Ou plutôt à « sa gauche », très raisonnable, celle des économistes comme Philippe Aghion et Jean Pisani-Ferry, éminents contributeurs de son programme électoral, aujourd'hui écartés des affaires. En élaborant les objectifs du candidat Emmanuel Macron, ils avaient fait le pari qu'en 2020, la France aurait l'opportunité de faire - enfin - une réforme proprement structurelle, et bénéfique à terme pour la compétitivité de l'économie tricolore, sans avoir à se soucier de faire en plus des économies, puisque les réformes successives depuis 1993 avaient réussi à faire baisser les dépenses de retraites de 5 points de PIB, soit aujourd'hui l'équivalent de 120 milliards d'euros d'économies en 2019 !

Mieux encore, l'évolution est désormais maîtrisée : les travaux du Conseil d'orientation des retraites (COR) démontrent qu'en l'état actuel du système celui-ci ne dépasserait plus la barre des 14% du PIB dans les quarante prochaines années, malgré une croissance de 20% du nombre de retraités. Merci à Édouard Balladur (1993), Jacques Chirac et Jean-Pierre Raffarin (2004), Nicolas Sarkozy et François Fillon (2007), Eric Woerth (2010), François Hollande et Marisol Touraine (2013)...

En 2016, toujours selon le COR, le déficit des retraites devait disparaître à l'horizon 2025, voire être bénéficiaire, permettant à Jean Pisani-Ferry, qui avait planché sur la question lorsqu'il dirigeait France Stratégie, d'expliquer que l'unification des régimes de retraites « ne vise pas cette fois à réduire le coût de la répartition [entre actifs et retraités, ndlr] mais à la refonder en uniformisant l'acquisition des droits à pension, en assurant leur portabilité d'un métier et d'un statut à l'autre, en donnant plus de latitude aux choix individuels et en établissant des principes pérennes de pilotage du système ». Daniel Cohen, professeur à l'ENS et nettement plus à gauche, voit dans la réforme l'occasion de « mettre fin aux silos » qui organisent le travail en France, limitant l'accès des travailleurs aux emplois et des employeurs aux talents.

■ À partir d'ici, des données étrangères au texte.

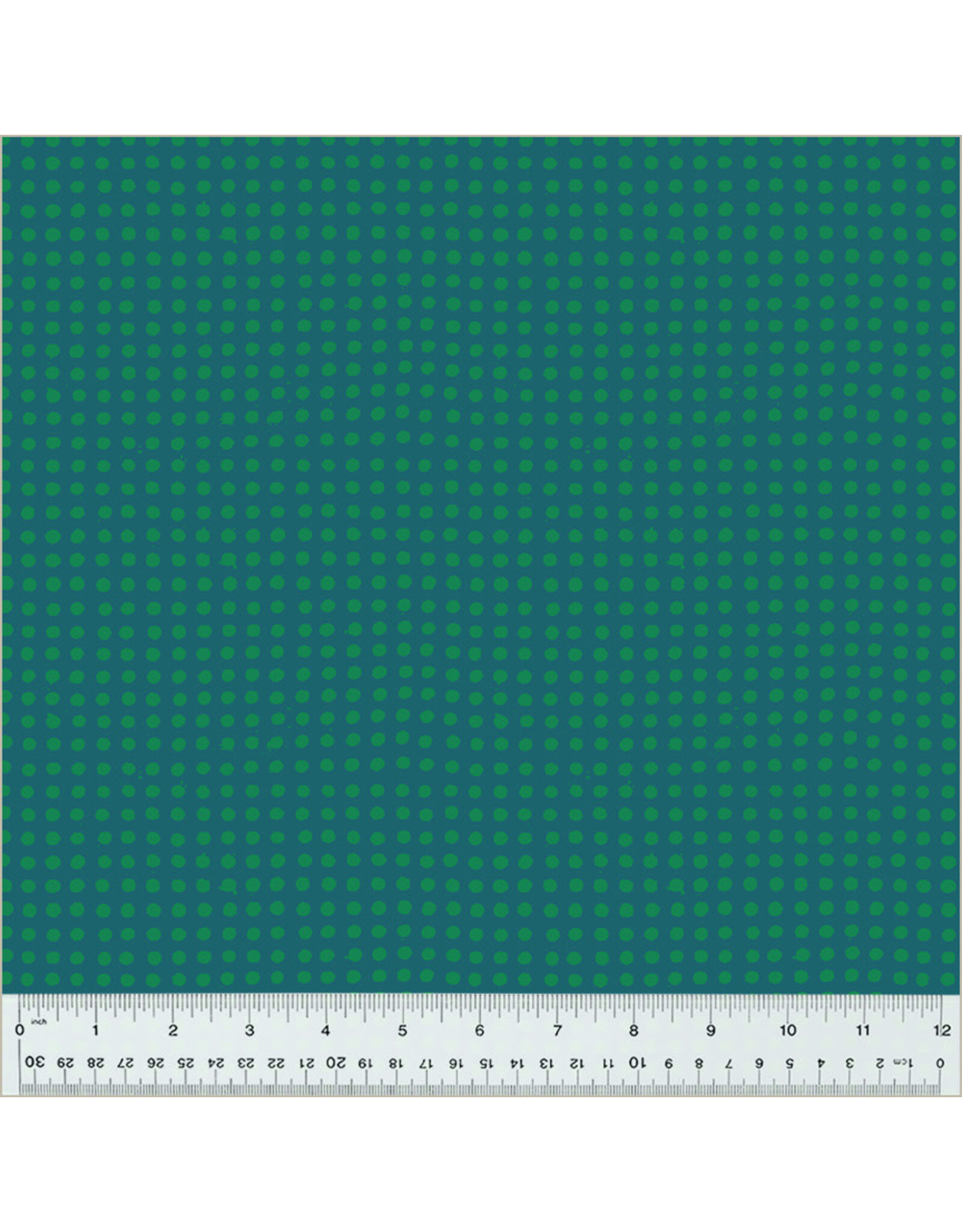 Heather Ross Ruby and Bee Blenders, Dots in Kelp Evergreen, Fabric Half-Yards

Philippe Aghion, pour qui la « mobilité sociale » permet de « réduire les inégalités », appelle d'ailleurs à ne pas regarder à la dépense. Selon l'économiste du Collège de France, il s'agirait d'un investissement : « Le gouvernement doit mettre la main à la poche ! On peut emprunter à taux zéro pour indemniser les éventuels perdants de la réforme ! Il ne faut absolument pas hésiter... » Mais tenir l'engagement d'un système de retraite universel sans perdant demanderait donc de renoncer à avancer vers l'équilibre des comptes publics, autre engagement du candidat Macron.

     2)... Ou il peut réformer à droite...

Ou plutôt à sa droite, qui se situe à l'intérieur de sa majorité et de son gouvernement. Une autre vision apparaît au sein même de l'exécutif, notamment dans l'entourage du Premier ministre, Édouard Philippe, et à Bercy, dont les deux ministres, Bruno Le Maire et Gérald Darmanin, s'étaient engagés auprès de candidats LR (Fillon, Juppé, Le Maire...) à la primaire de la droite, qui avait tous à leur programme le report de l'âge de départ en retraite au-delà de 62 ans.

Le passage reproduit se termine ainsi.